2043167 Alberta Ltd. est une entreprise en démarrage qui gagne du terrain sur le marché canadien. L’entreprise a l’intention d’accroître la stabilité de l’industrie de la construction dans le sud de l’Alberta, car les études de marché indiquent que les petites collectivités ont de la difficulté à maintenir leur population, en partie en raison de l’incapacité de trouver un emploi stable. Ce projet créera des emplois pour les professionnels qualifiés de l’industrie de la construction pour les années à venir. En tant que première employée au Canada, la fonction initiale de Mme Zang sera de créer et de mettre en œuvre une stratégie financière solide pour l’avenir de l’entreprise. Elle sera responsable de la gestion de multiples projets de construction, y compris des permis du gouvernement, des dépenses, des impôts, des rapports de la WCB et des revenus. Sa participation quotidienne au succès de l’entreprise est essentielle. Les prévisions actuelles pour la construction d’environ 4 maisons par année se traduiraient par plus de 13 emplois dans le sud de l’Alberta et par un revenu d’environ 70 000 $ par année par employé.

La construction de maisons dans les petits centres contribuera à l’emploi, car l’entreprise de construction devra embaucher des personnes pour aider à la construction. Chaque maison fournit l’équivalent d’environ 3 années-personnes. Étant donné qu’il est prévu de construire 4 maisons par an. Cela équivaut à 12 années‑personnes. Ce projet créerait également un emploi à temps plein pour l’investisseur et au moins deux employés de soutien à temps plein, ce qui représenterait l5 années-personnes par année. De plus, environ 2,5 années-personnes supplémentaires seraient nécessaires en sous-traitance pour construire ces maisons, ce qui représente un total de 17,5 années-personnes. Du point de vue du gouvernement, cela équivaut à environ (l7,5 x 60 000) = 1 005 000 $ en revenus générés par année, ce qui représenterait des recettes gouvernementales d’environ 250 000 $.

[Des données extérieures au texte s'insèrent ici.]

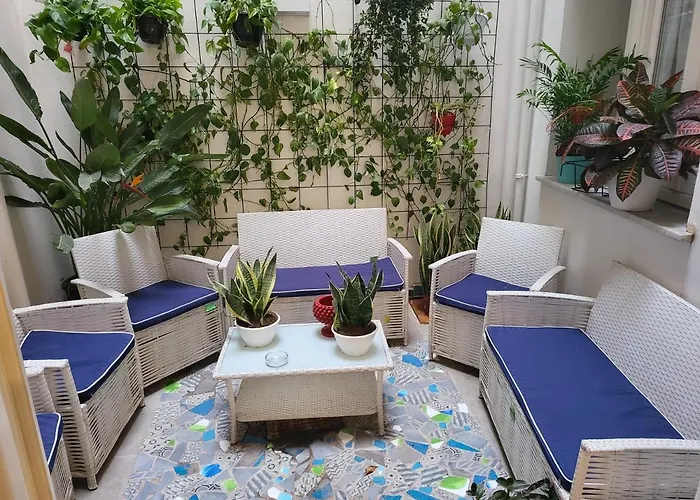 Real Fonderia 住宿加早餐酒店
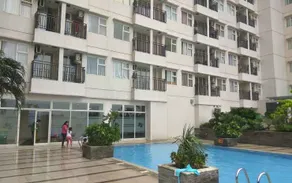 Dsr Apartment Margonda Residence 5 - Image 3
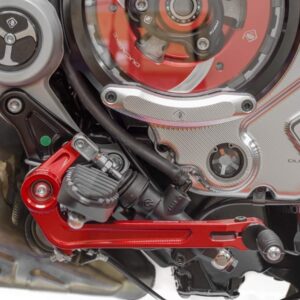 RPLF20 - DIAVEL 1260 BRAKE LEVER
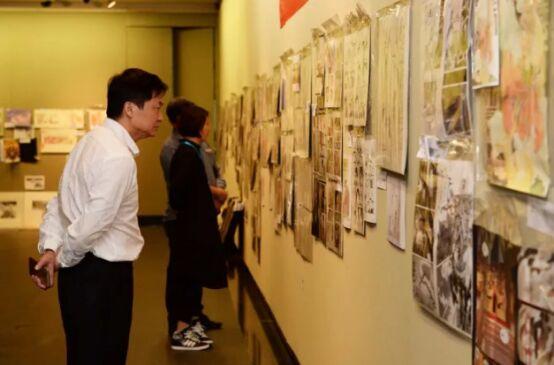 《天天成长记》复评通过！将亮相全国首届动漫美术作品展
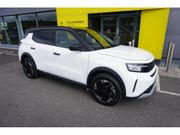 Opel Frontera 2026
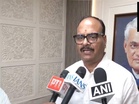 UP Deputy CM Brajesh Pathak hits out at TMC, cites 'expected' chaos in West Bengal polls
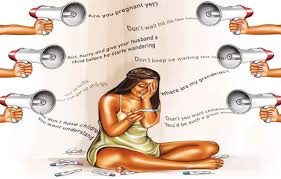 How Women Are Put Under Pressure To Conceive After Wedding – Independent Newspapers Nigeria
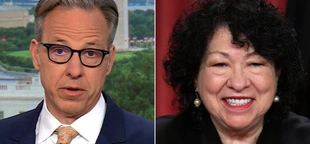 Sotomayor issues stark warning about presidential immunity ruling
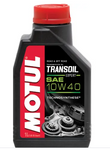 Fluido Trasmissione Motul Transoil SAE 10W40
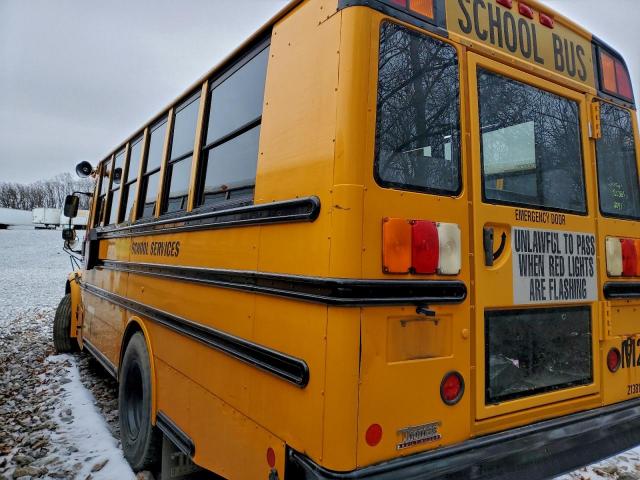 Freightliner Saf-t-line B2b Image 9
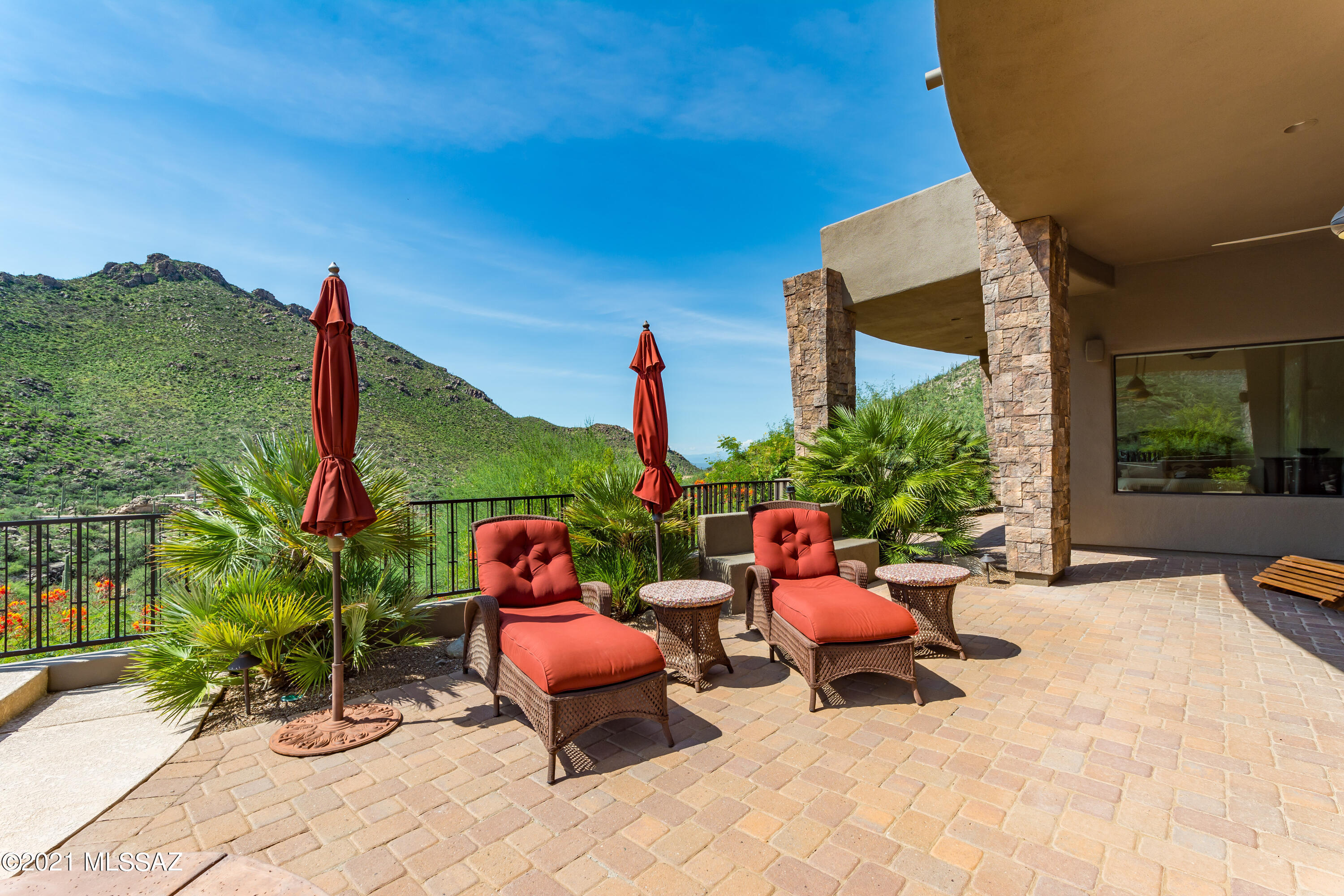 Canyon Pass III At Dove Mountain (111-181) - Residential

Ce projet offre de bons emplois, fournit des logements abordables aux personnes à faible revenu, renforce les petites collectivités et aidera à fournir des logements dans celles-ci, ce qui encouragera les grandes entreprises à y déménager. L’investissement de Mme Zang a déjà permis de commencer la construction de deux maisons dans la région de Raymond. La première maison a été achevée et est vendue, et la deuxième a été achevée et sera mise sur le marché au cours du mois. Nous sommes actuellement en négociation avec la ville de Raymond pour former une coentreprise grâce à laquelle nous construirons des résidences pour personnes âgées (12 à 14 unités de 1 000 pieds carrés).

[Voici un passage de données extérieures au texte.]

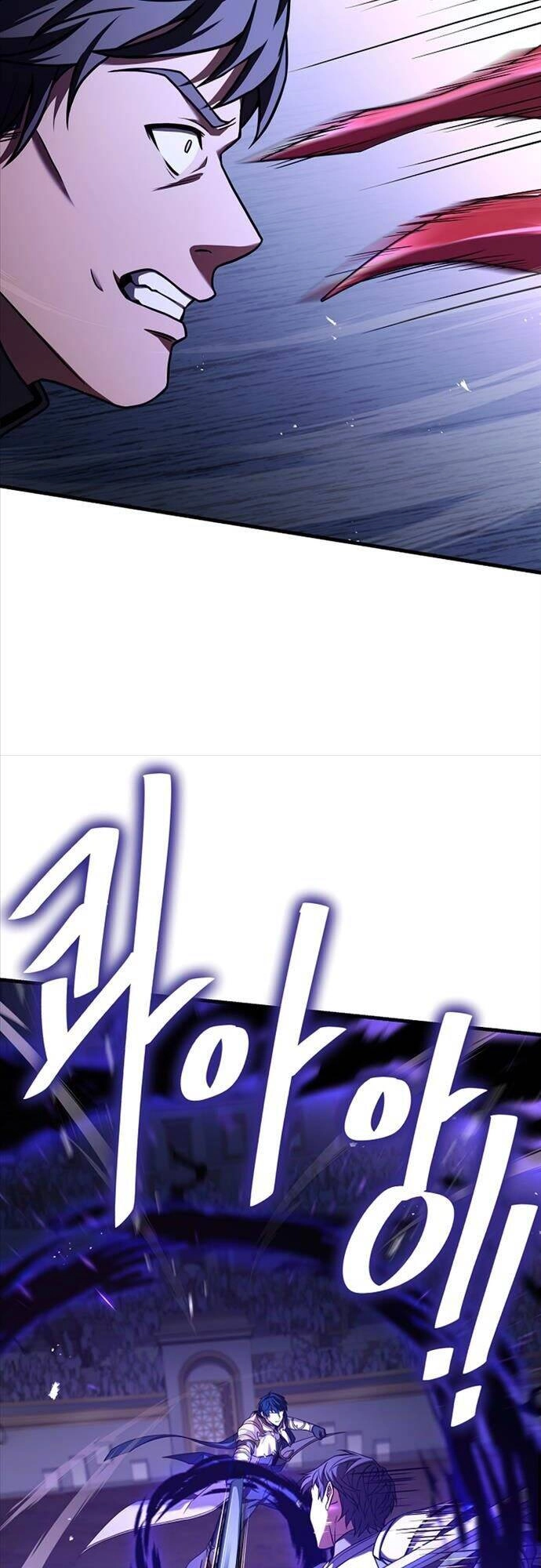 Huyền Thoại Giáo Sĩ Trở Lại Chapter 71 - 29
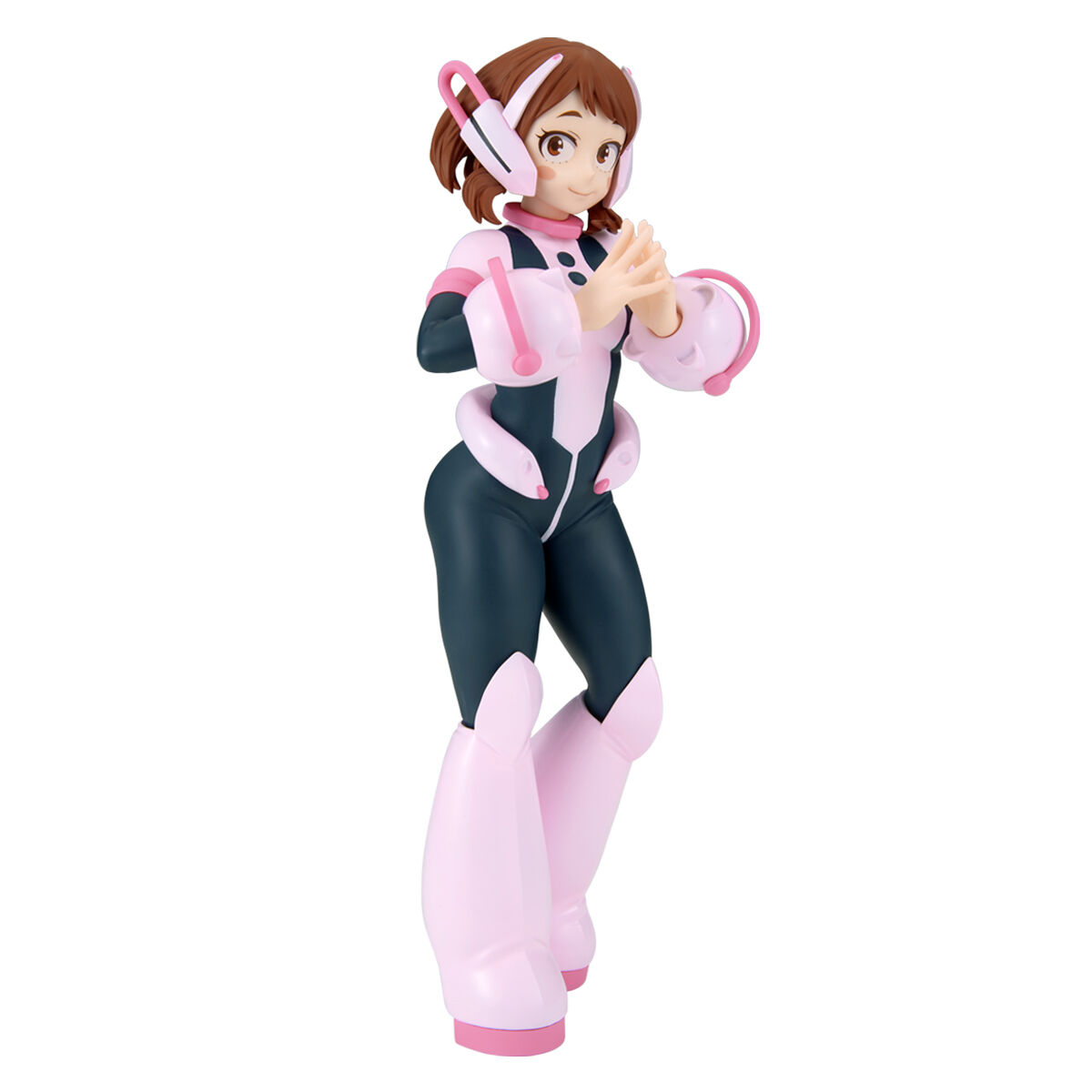 Banpresto | Ochaco Uraraka Glitter & Glamours (23cm) | My Hero Academia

Si M. Zang n’avait pas investi et ne dirigeait pas toutes les opérations financières, 2043167 Alberta Ltd. s’effondrerait et tous les projets de construction en cours et prévus au Canada prendraient immédiatement fin. Cela entraînerait ensuite une perte importante de revenus et d’emplois pour l’entreprise et l’industrie de la construction dans le sud de l’Alberta.

Mme Xiaoning Zang

Mme Zang est parfaitement qualifiée pour remplir le mandat de dirigeante principale des finances chez 2043167 Alberta Ltd., en Alberta. Elle a obtenu une maîtrise en administration publique de la Northeast Normal University en Chine en 2014. Mme Zang est une professionnelle spécialisée en gestion possédant une vaste expérience en finances et en administration, et elle travaille pour Sinolink Consultants Services Ltd., en Chine, depuis 2015.

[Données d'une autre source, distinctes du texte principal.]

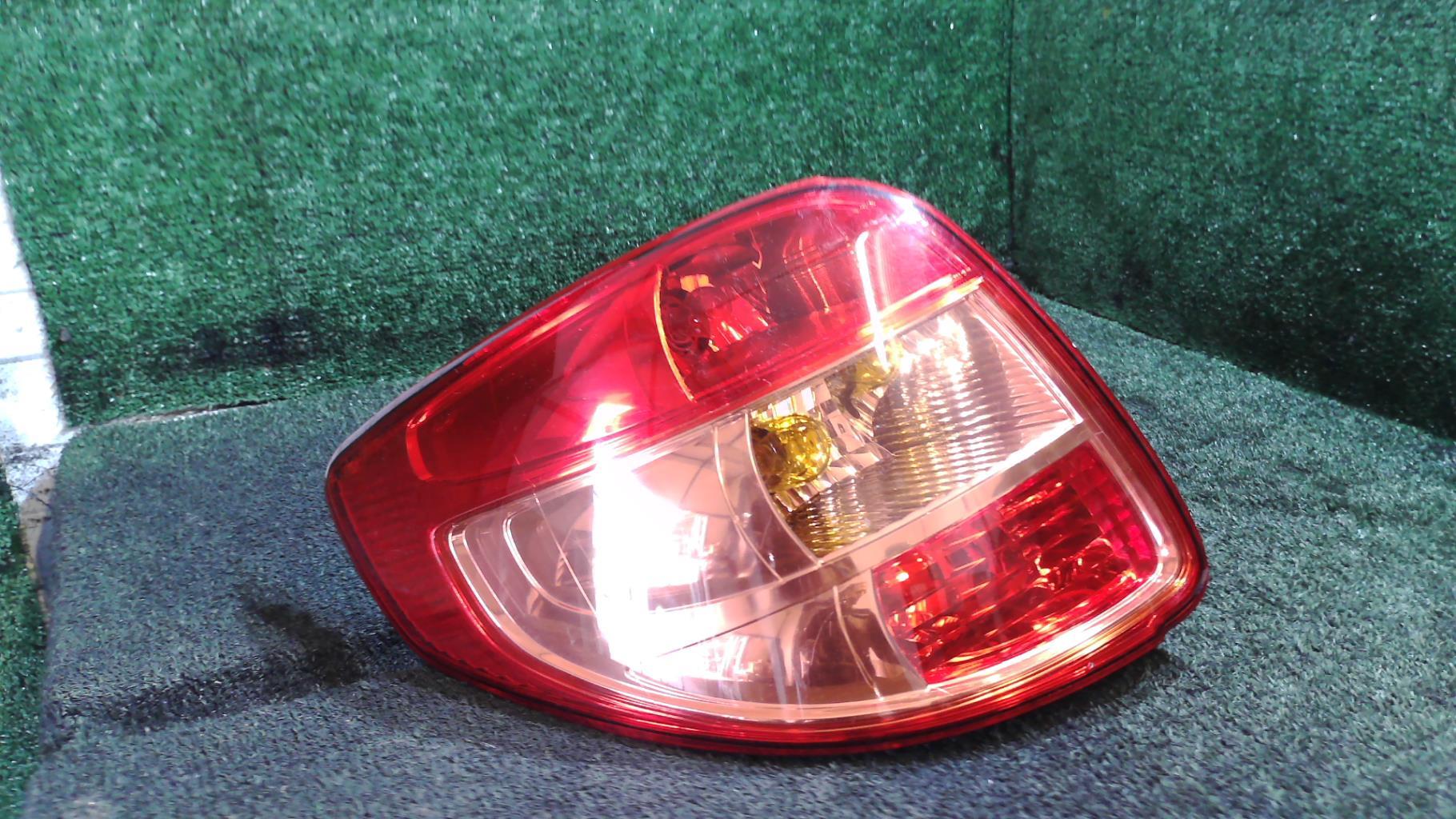 Fanale posteriore principale sinistro (luci) SUZUKI SX4 1 Diésel - 1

Plus récemment, Mme Zang a été directrice du marketing chez Sinolink Consultants Services Ltd. en Chine. Dans le cadre de ce rôle, elle était responsable de la gestion de l’élaboration et de la mise en œuvre de la division des projets d’investissement, et elle était responsable de la surveillance de tous les aspects financiers des grands projets dans le cadre de son emploi. Elle était chargée d’établir et d’entretenir de solides relations d’affaires avec les clients afin de réussir à stimuler le développement de l’entreprise. Mme Zang a joué un rôle essentiel dans de nombreuses opérations financières et a joué un rôle essentiel dans l’avancement du succès de l’entreprise. Avant ce rôle, elle a occupé le poste de directrice adjointe de l’administration chez Set Sheng International Trade (Shanghai) Limited de 2012 à 2015, où elle était responsable de la gestion des coûts opérationnels liés au contrôle des stocks, de l’établissement du salaire visé et de la direction des initiatives de recrutement, de formation et de perfectionnement du personnel afin d’optimiser le potentiel de productivité et de revenus grâce à la création d’une équipe de vente solide. Auparavant, Mme Zang a également occupé un poste d’adjointe du directeur général de Set Sheng International Trade (Shanghai) Limited de 2006 à 2012, où elle gérait les processus financiers, y compris les comptes créditeurs et les comptes débiteurs. Elle était également responsable de la simplification des services de bureau directs, y compris des finances, des dossiers et de la préparation du budget du département.

En occupant les postes susmentionnés, Mme Zang a acquis les compétences et l’expérience nécessaires pour occuper le poste de dirigeante principale des finances chez 2043167 Alberta Ltd. Elle a fait preuve d’un bon rendement dans l’élaboration et la mise en œuvre de stratégies financières.

[Caractères gras et erreurs dans l’original.]

[54]  Si l’on compare les responsabilités professionnelles aux qualifications et à l’expérience passées de la demanderesse, la raison pour laquelle elle est [traduction« parfaitement qualifiée » pour ce poste dans cette industrie particulière n’est pas évidente. L’entreprise semble satisfaite de la confiance qu’a la demanderesse en elle-même, mais bien que la demanderesse ait manifestement une expérience en finances, l’agent était préoccupé par son manque d’expérience dans le [traduction« marché canadien de la construction résidentielle ».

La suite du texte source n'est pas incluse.